I am currently pursuing the answer to those questions as I have finally decided to try to teach myself a little self-discipline and learn about my personal development by not updating any of my statuses on Facebook or tweeting about everything that I feel my followers should know about (i.e. how lovely the weather is, what song I’m currently listening to, etc.)

This decision was somewhat “spur of the moment”, however, I have contemplated deactivating my social network accounts many times and I guess my decision to do this can be viewed as me taking it one step at a time.

Although the time for deactivation has not come yet, not pouring my life out to the people in the World Wide Web is officially underway.

It hasn’t even been a full week, and already, I feel a major sense of withdrawal.
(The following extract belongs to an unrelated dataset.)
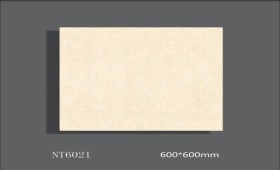 NATURE | Tiles | 24 X 24 | NT6021 | Floor Tile | Polished | Ivory | AAA Quality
When walking around campus, I am tempted beyond measure to tweet every thought that comes to me; no matter how simple, random or less-than-clever the thought may be. The same thing goes for when I’m in class learning about the recent natural disasters in Japan. I want to be able to post as many links possible that are related to the issue so that my followers who may not be as into the news or the world will be informed. But that may just be the journalist in me.

So far, once I’ve had a thought that I feel is Twitter worthy, I automatically think to pull out my phone, in order to update on the go. And it seems that no less than 10 seconds later, one side of my brain is slapping the other to remind it not to do it.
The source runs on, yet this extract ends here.